Work instruction: Exact wording is required: transcribe all the entries and leave the images out.

"""

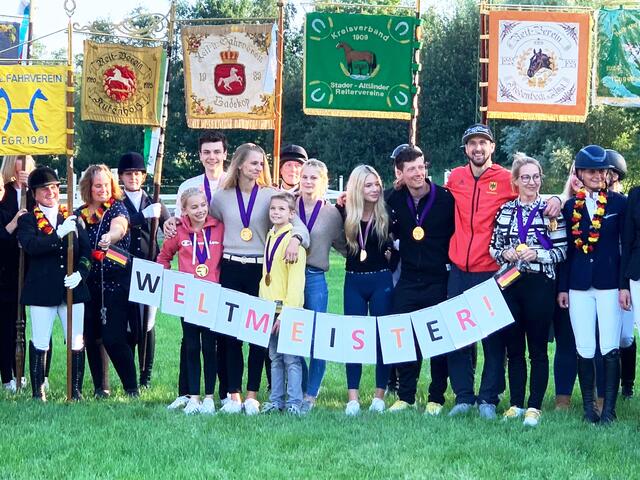 Zahlreiche Reitvereine aus der Umgebung begrüßten das Weltmeister-Voltigierteam des Reitvereins Fredenbeck: Mirja Krohne (4.v.li.), daneben Malte Möller, Kathrin Meyer, Henry Frischmuth, Mila Koböck, Kimberly Hyks, Jannik Heiland, Viktor Brüsewitz und Gesa Bürig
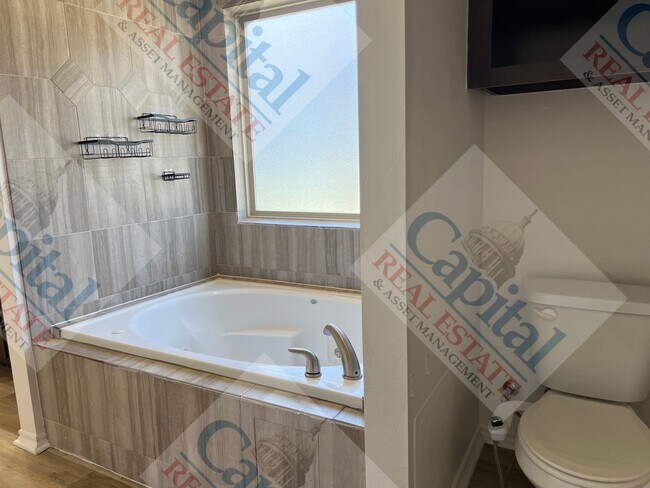 Building Photo - Charming 3 Bedroom W/ All Bills Paid!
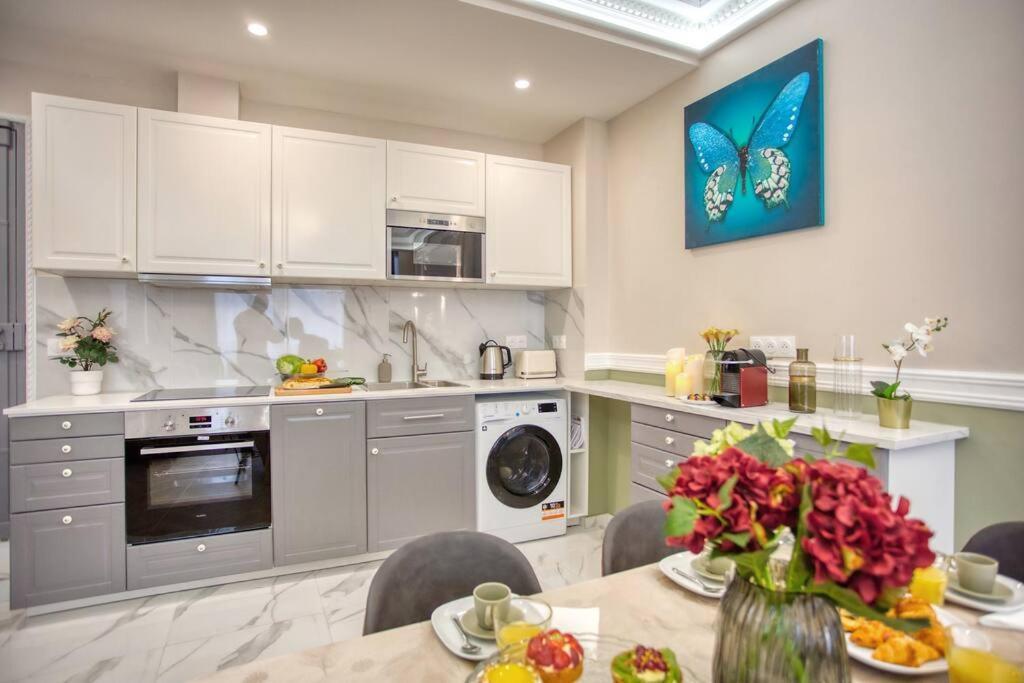 Charming Apart New 2 Bedrooms With Aircon Paris Exterior foto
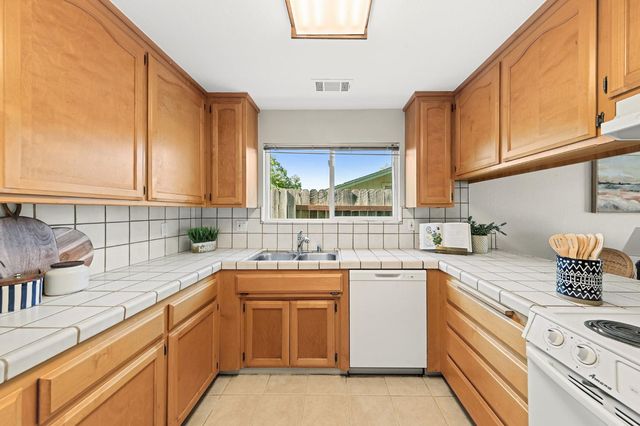 4819 Summit View Dr, El Dorado, CA 95623
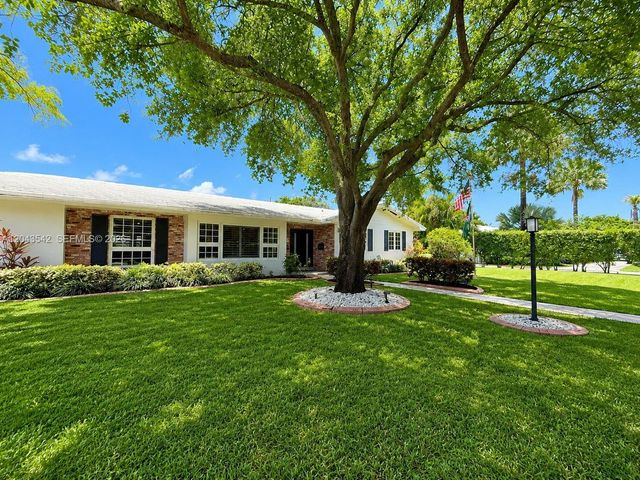 8481 SW 144th St, Palmetto Bay, FL 33158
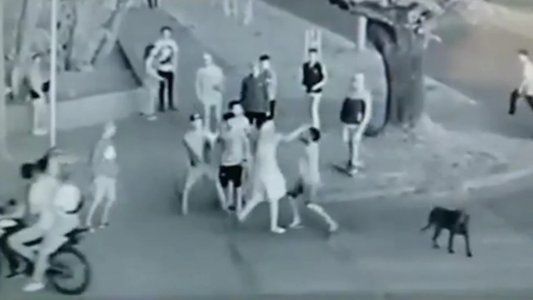 Video: una patota noqueó a un joven a la salida de un boliche en Santiago del Estero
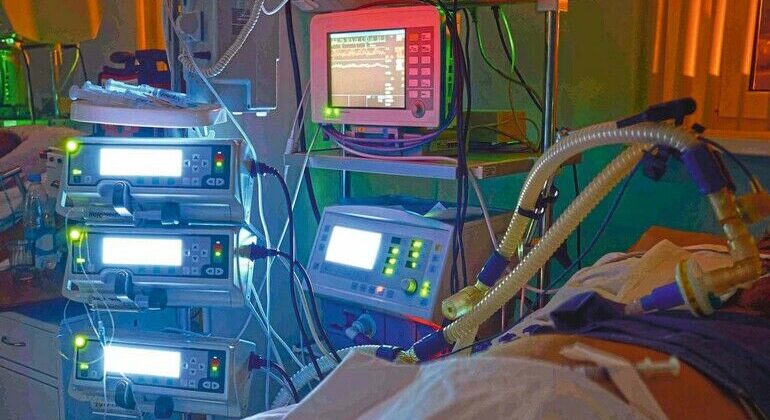 Glowing_monitors_in_intensive_care_department._Nigth_shift_at_icu,_patient_in_critical_state.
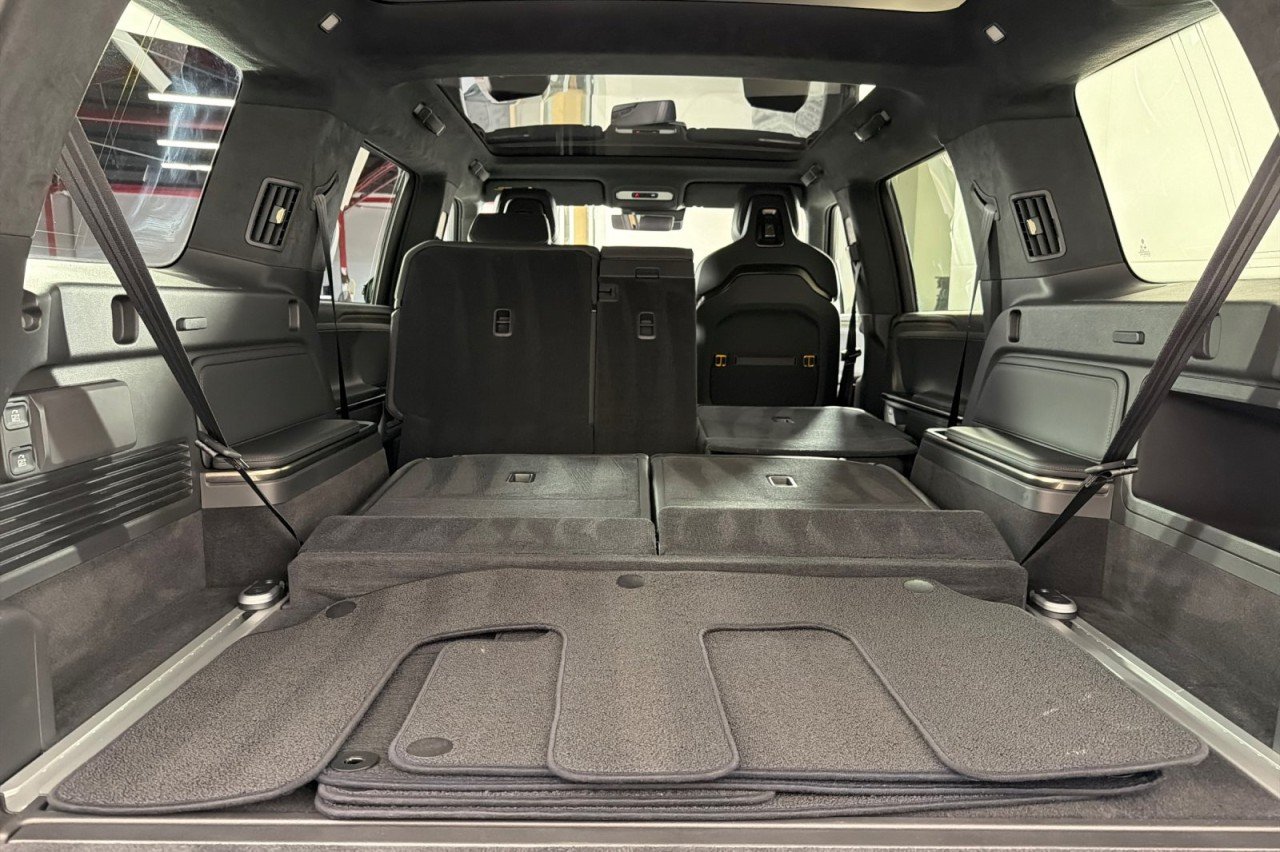 Used 2025 BLACK Rivian Adventure image 15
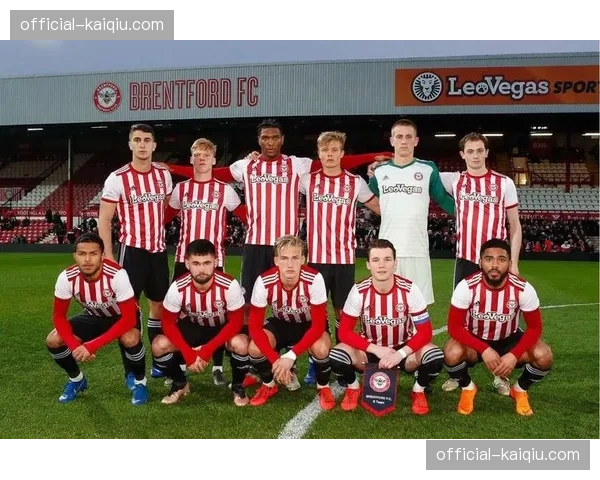 终场哨响，带领布伦特福德保级成功的弗兰克与教练组激情相拥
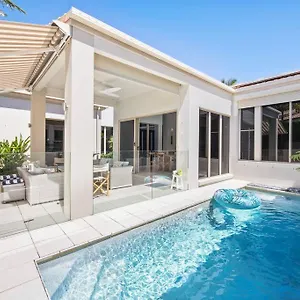 Villa Golfers Paradise In, Noosa Heads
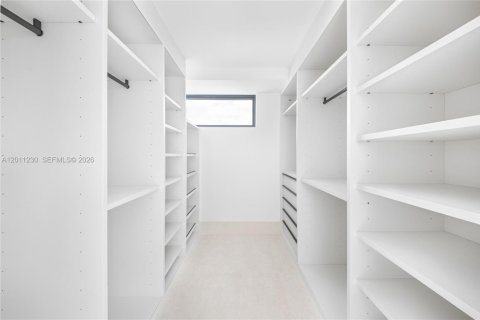 Villa ou maison à vendre à Weston, Floride: 6 chambres, 839.37 m2 № 2074676 - photo 18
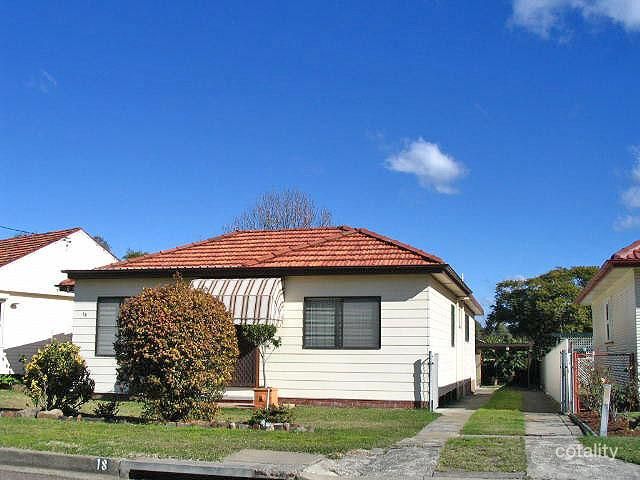 18 Bell St, Speers Point, NSW 2284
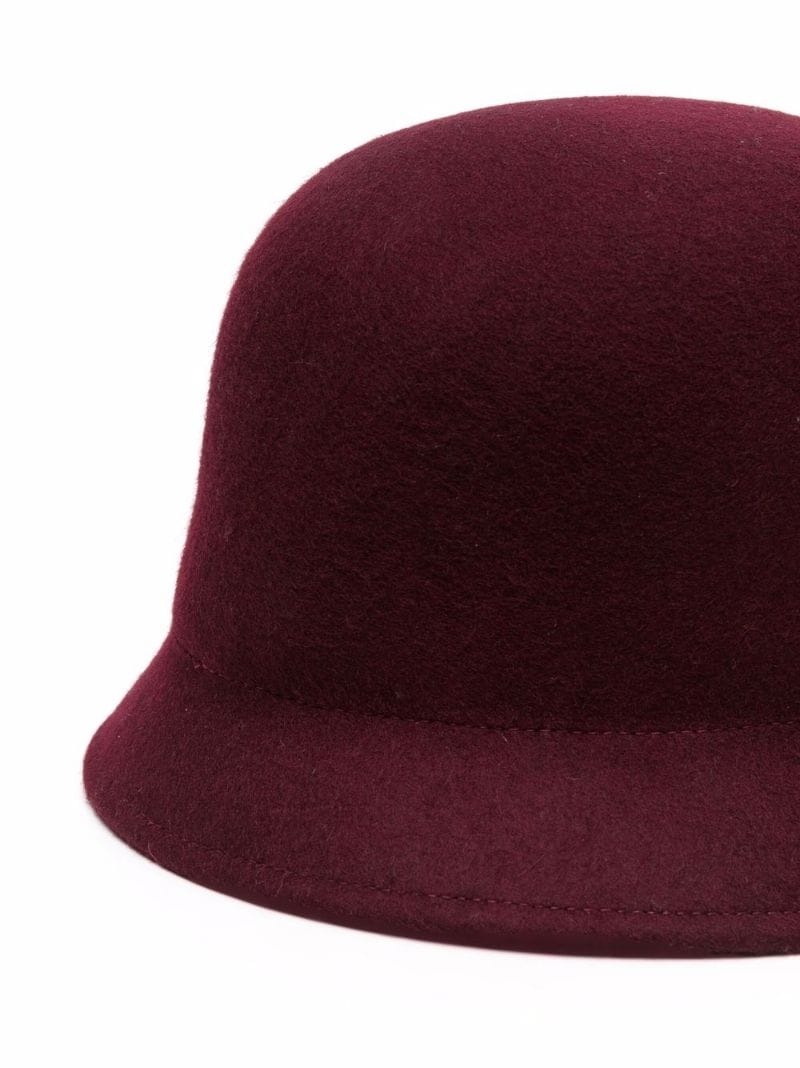 curved-peak hat - 2
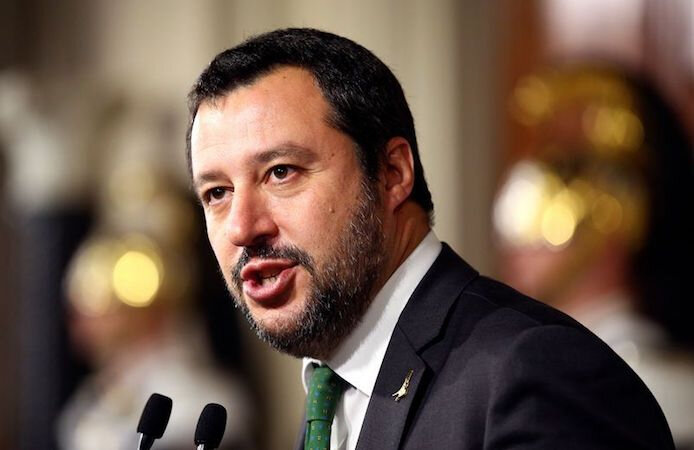 Migrants: l'Italie va séquestrer deux navires d'une ONG allemande Salvini 3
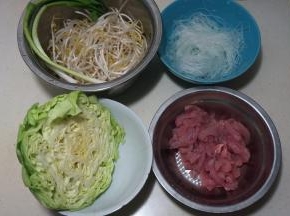 猪肉切丝，粉丝提前用凉水泡软、剪短，豆芽洗两遍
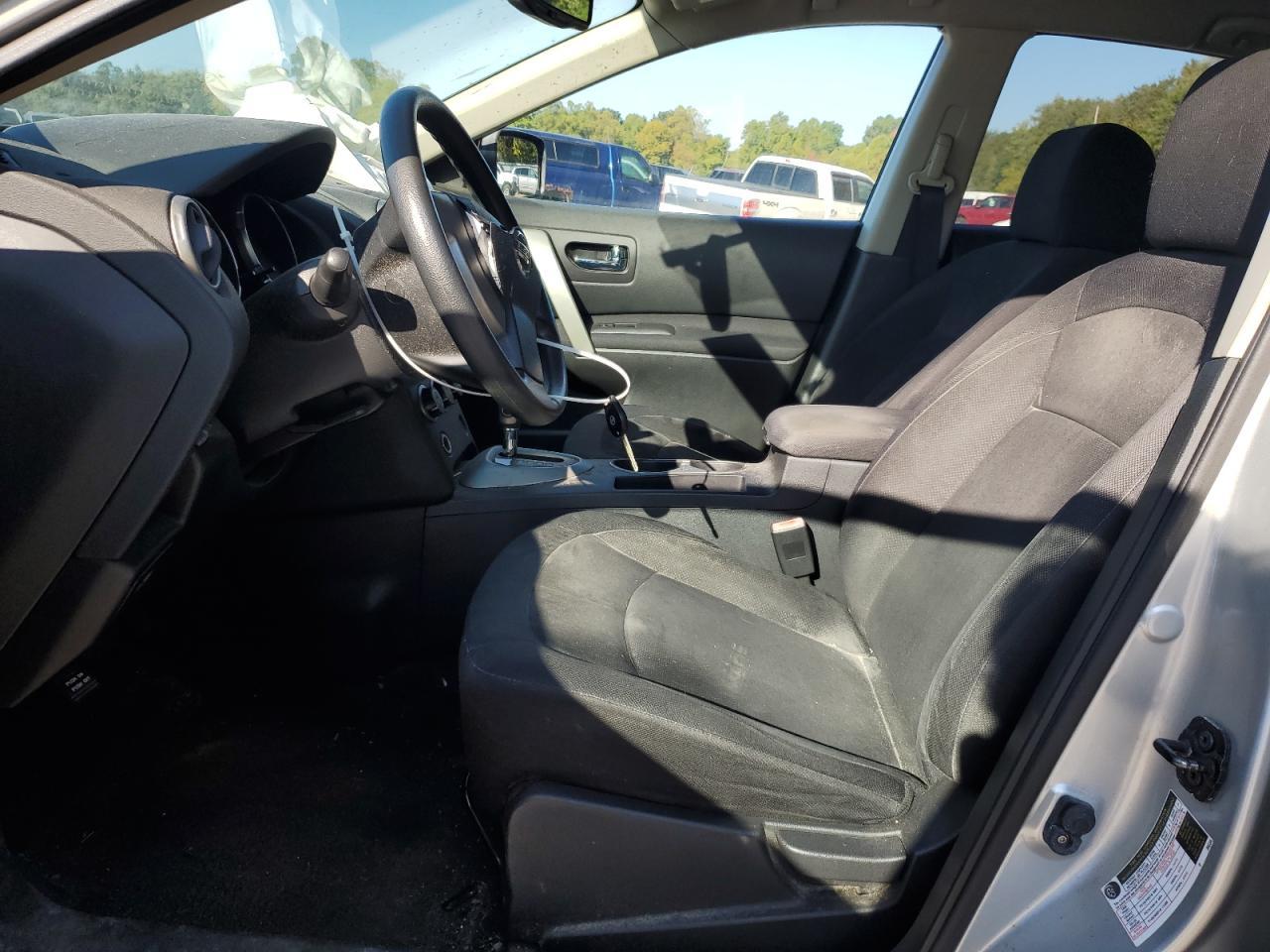 2010 NISSAN ROGUE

"""

Written response:
 Zahlreiche Reitvereine aus der Umgebung begrüßten das Weltmeister-Voltigierteam des Reitvereins Fredenbeck: Mirja Krohne (4.v.li.), daneben Malte Möller, Kathrin Meyer, Henry Frischmuth, Mila Koböck, Kimberly Hyks, Jannik Heiland, Viktor Brüsewitz und Gesa Bürig
 Building Photo - Charming 3 Bedroom W/ All Bills Paid!
 Charming Apart New 2 Bedrooms With Aircon Paris Exterior foto
 4819 Summit View Dr, El Dorado, CA 95623
 8481 SW 144th St, Palmetto Bay, FL 33158
 Video: una patota noqueó a un joven a la salida de un boliche en Santiago del Estero
 Glowing_monitors_in_intensive_care_department._Nigth_shift_at_icu,_patient_in_critical_state.
 Used 2025 BLACK Rivian Adventure image 15
 终场哨响，带领布伦特福德保级成功的弗兰克与教练组激情相拥
 Villa Golfers Paradise In, Noosa Heads
 Villa ou maison à vendre à Weston, Floride: 6 chambres, 839.37 m2 № 2074676 - photo 18
 18 Bell St, Speers Point, NSW 2284
 curved-peak hat - 2
 Migrants: l'Italie va séquestrer deux navires d'une ONG allemande Salvini 3
 猪肉切丝，粉丝提前用凉水泡软、剪短，豆芽洗两遍
 2010 NISSAN ROGUE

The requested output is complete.